For some reason from the moment I press on a select box, it takes a least 2 mins until the app is reacting.
As you can see in the log, all the “massive” calculating are cached.
I can’t figure out why it takes so long until the script hits the first cache key.
As I see it in the debug log from your first post, there are multiple calls to load_data, load_csv and load_csv_data which appear to manipulate some DataFrame. To help you more, we’d need to know the kind of Dataframes you are manipulating, in which order you are calling your different functions in your source code, how you are caching them and which function is running the longest which you could check by printing timestamps at the beginning and end of the function for example.

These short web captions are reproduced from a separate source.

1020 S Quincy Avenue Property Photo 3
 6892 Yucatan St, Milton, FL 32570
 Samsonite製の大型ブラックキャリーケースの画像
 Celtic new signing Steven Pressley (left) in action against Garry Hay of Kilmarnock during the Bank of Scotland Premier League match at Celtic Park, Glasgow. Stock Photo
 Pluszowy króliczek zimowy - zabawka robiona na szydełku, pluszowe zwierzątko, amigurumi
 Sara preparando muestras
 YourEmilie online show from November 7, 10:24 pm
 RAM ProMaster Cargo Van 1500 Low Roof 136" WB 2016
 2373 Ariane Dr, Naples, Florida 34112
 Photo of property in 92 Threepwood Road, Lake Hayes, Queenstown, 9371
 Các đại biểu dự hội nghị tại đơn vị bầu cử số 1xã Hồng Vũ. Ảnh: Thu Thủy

It may be that some columns in the Dataframe spend a lot of time being hashed by the cache system, or being hashed multiple times for no reason…which is why the hashing.py is the most time consuming in your 2nd debug log. But it’s hard to prove without proper knowledge of the code you are running
Would you be able to share a small reproducile example so we’re able to provide with better advice ?
Your Streamlit version, OS, Web browser used, Python version may also prove useful later on, but for now knowledge of what you are trying to achieve is more important for us !
it seems it takes about 30 seconds to generate the cache in memory:
Creating new mem_cache (key=d2f33ded8cdb4a109f84a184dc8127de, max_entries=inf, ttl=inf)
and another 30 sec to insert to it once my query is finished.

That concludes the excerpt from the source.